Die Frau fiel mir schon am Gate auf. Sehr attraktiv, Mitte Fünfzig vielleicht, chic, mit einem ganz persönlichen Stil. Kanadierinnen kleiden sich sonst eher praktisch.

Sie stieg als letzte in den Flieger von Calgary im Süden nach Whitehorse im Norden, telefonierte bis zur letzten Sekunde und gab der Person am anderen Ende der Leitung klare Anweisungen. Sie schien das Führen gewohnt zu sein.

Der Zufall wollte es, dass wir nebeneinander saßen. Wir kamen schnell ins Gespräch. Sie war nicht nur souverän, sie war auch herzlich, aufmerksam, umsichtig und eine großartige Gesprächspartnerin. Sie imponierte mir. Erzählte von ihrem husband, mit dem sie weiter oben am Klondike River ein großes Stück Land besaß, auf dem sie Gold wuschen. Das Auftauen der Permafrostböden machte neue Areale zugänglich, die Maschinen liefen auf Hochtouren (es gibt also tatsächlich Gewinner der Klimawandels). Zwei der vier Kinder arbeiteten bereits im Familienunternehmen mit, auch mit den beiden anderen hatte sie ein wunderbares Einvernehmen.
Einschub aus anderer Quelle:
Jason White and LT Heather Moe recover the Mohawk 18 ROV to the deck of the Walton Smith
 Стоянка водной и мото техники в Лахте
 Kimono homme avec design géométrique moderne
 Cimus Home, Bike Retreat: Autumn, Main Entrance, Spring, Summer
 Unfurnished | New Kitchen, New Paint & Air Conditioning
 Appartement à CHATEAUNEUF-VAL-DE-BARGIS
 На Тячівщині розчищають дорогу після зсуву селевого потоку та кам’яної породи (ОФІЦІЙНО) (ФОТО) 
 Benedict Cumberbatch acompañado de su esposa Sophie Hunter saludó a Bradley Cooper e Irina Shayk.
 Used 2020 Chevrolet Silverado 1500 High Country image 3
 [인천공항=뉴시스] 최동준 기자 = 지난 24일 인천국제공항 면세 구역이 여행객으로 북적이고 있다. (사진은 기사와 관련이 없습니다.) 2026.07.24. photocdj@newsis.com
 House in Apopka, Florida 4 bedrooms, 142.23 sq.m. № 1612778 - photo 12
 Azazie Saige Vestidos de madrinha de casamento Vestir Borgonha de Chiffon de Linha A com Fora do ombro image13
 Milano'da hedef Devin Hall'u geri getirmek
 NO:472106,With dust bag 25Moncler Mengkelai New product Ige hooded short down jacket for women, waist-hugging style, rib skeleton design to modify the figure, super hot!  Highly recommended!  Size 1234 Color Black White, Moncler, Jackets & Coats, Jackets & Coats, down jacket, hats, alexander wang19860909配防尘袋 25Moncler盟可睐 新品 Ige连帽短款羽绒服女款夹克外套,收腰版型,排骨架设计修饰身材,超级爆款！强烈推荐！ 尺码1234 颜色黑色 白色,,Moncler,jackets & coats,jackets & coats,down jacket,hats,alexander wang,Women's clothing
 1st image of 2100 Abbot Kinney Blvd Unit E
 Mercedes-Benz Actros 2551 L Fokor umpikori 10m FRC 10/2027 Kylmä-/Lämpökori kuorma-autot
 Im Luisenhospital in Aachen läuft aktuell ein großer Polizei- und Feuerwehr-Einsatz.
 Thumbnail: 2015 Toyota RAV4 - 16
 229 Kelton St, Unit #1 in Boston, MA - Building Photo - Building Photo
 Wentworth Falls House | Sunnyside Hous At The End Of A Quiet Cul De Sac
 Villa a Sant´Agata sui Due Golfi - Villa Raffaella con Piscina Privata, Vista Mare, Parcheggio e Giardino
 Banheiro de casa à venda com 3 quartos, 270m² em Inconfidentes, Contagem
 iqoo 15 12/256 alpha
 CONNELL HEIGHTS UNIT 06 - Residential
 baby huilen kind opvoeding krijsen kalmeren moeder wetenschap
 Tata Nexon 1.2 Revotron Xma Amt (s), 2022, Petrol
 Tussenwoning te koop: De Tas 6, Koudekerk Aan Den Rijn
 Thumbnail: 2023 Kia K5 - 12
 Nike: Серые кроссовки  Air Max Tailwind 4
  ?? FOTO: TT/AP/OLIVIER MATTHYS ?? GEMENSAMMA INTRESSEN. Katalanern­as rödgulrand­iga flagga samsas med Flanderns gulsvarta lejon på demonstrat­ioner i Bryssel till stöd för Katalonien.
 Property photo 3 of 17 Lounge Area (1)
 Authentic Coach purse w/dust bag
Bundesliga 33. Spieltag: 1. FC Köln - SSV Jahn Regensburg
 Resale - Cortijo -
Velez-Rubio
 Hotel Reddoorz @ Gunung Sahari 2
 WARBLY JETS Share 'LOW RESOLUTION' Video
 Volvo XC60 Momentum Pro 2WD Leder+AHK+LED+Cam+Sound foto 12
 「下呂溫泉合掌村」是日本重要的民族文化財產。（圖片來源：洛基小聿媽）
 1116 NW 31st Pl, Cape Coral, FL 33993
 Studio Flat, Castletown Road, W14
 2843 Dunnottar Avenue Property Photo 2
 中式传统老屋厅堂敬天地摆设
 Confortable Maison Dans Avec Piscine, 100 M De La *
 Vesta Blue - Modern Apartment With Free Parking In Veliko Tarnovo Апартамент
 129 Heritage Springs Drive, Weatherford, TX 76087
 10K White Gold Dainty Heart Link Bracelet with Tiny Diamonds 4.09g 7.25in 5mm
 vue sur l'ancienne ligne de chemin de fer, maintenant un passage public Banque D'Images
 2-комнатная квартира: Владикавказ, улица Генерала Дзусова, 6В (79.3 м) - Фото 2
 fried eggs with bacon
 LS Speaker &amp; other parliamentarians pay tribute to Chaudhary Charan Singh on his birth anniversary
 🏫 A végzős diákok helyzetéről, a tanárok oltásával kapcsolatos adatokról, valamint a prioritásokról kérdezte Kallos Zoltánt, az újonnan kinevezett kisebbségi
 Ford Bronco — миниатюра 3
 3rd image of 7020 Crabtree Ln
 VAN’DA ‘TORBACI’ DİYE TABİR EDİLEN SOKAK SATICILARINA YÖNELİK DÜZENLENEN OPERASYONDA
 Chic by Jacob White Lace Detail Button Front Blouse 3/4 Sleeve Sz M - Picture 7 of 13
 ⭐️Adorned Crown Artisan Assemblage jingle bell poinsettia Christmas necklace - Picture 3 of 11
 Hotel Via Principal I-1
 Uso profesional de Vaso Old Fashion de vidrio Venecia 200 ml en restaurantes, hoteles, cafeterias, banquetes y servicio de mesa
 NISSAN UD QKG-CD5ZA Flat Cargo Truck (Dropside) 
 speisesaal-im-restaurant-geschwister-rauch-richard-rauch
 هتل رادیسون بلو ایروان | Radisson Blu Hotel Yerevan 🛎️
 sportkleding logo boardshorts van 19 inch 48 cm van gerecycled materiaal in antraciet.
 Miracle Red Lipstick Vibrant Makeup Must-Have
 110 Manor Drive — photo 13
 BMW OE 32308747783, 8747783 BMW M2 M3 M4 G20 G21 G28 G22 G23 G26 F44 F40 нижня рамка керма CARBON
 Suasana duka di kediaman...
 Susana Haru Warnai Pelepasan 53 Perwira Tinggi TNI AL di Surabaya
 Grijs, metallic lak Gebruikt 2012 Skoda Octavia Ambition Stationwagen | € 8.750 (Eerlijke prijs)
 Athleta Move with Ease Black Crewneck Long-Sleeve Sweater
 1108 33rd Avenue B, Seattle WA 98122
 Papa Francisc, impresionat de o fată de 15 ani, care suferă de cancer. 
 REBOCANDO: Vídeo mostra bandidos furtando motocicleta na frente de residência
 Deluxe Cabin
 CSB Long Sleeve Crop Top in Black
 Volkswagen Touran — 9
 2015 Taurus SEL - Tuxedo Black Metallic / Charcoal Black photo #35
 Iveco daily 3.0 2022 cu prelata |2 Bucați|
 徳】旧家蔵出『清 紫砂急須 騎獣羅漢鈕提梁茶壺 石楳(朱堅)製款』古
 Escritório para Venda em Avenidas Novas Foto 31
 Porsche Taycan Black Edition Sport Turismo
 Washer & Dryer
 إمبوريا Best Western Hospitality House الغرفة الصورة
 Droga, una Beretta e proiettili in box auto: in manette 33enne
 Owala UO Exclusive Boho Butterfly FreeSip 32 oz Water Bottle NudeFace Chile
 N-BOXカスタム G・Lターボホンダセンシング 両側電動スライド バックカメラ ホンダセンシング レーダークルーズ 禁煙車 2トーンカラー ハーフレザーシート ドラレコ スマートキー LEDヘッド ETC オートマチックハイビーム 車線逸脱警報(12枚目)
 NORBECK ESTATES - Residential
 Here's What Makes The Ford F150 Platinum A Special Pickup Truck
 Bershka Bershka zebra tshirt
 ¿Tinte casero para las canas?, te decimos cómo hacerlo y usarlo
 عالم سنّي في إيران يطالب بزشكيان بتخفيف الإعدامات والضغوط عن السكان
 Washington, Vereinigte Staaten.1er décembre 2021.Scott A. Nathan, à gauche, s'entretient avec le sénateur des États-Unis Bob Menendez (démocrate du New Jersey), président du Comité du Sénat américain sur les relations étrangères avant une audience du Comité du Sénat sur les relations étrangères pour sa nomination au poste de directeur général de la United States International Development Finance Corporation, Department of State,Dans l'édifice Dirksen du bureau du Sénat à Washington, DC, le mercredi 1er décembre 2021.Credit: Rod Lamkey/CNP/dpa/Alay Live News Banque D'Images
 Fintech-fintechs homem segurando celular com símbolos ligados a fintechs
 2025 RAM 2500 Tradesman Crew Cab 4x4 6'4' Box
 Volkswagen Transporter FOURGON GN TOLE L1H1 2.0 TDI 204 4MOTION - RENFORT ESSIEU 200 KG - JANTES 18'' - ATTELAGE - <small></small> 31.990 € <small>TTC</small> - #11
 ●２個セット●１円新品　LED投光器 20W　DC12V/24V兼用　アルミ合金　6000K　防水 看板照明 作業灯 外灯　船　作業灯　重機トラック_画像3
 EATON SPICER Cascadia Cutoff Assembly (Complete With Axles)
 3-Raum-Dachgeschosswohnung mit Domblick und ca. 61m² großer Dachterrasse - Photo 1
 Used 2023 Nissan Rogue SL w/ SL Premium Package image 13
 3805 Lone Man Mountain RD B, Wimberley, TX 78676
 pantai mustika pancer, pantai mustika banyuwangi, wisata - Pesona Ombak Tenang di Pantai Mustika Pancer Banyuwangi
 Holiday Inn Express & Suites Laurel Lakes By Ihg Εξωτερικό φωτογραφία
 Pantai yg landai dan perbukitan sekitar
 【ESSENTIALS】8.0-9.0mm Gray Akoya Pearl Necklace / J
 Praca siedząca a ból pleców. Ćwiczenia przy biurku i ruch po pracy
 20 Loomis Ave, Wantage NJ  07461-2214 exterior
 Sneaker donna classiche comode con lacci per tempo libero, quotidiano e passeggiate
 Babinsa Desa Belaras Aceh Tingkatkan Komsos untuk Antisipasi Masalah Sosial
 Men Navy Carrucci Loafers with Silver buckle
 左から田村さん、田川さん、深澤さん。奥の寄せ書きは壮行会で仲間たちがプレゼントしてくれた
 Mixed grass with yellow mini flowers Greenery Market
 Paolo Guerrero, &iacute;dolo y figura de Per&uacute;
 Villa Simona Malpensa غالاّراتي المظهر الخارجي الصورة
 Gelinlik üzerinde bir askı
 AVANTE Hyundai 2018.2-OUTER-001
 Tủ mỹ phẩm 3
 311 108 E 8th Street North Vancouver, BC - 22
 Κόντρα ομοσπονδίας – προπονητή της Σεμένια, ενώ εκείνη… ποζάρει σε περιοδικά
Mein Respekt wich einer gewissen Bewunderung. Vielleicht sogar einem bisschen Neid. Diese Frau hatte alles richtig gemacht.

Gerade, als der Pilot die Nase des Fliegers zum Landeanflug hinunterdrückte, fragte ich sie, was sie denn in Calgary gemacht hatte. Sie lebe dort, antwortete sie, und habe sich mit ihrem Scheidungsanwalt beraten.

Oha.

Ihr husband, so stellte sich heraus, war nämlich ein grauslicher Narzisst, ein Gaslighter, ein skrupelloser Manipulateur, doch weil sie so jung geheiratet hatte, dachte sie, das müsse so sein. Erst an ihren Kindern erkannte sie, was es angerichtet hatte. Der eine Sohn war einer Narzisstin auf den Leim gegangen, der andere entwickelte sich selbst zu einem solchen, die beiden jüngsten lehnten jede Art von Beziehung ab. Sie selbst wollte nur noch weg, deswegen war sie nach Calgary gezogen, in die Nähe ihrer nicht im Familienbetrieb mitarbeitenden Kinder. Ihr stand die Hälfte des Unternehmens zu, sie war also reich, aber nur theoretisch, weil ihr husband keinen Cent zu zahlen gedachte. Er steckte alles in neue Maschinen, doch die schienen in den Büchern nicht richtig auf. Deswegen flog sie jetzt an den Klondike River, um sich selbst ein Bild zu machen. Sie rechnete nicht einmal damit, dass ihr husband jemanden zum Abholen schickte.

Ich betone das Wort husband so, weil sie es auch tat. Es ließ mich an eine glückliche Ehe glauben. Seht ihr die Macht des Narrativs? Sie hatte nie gelogen – und doch war alles ganz anders.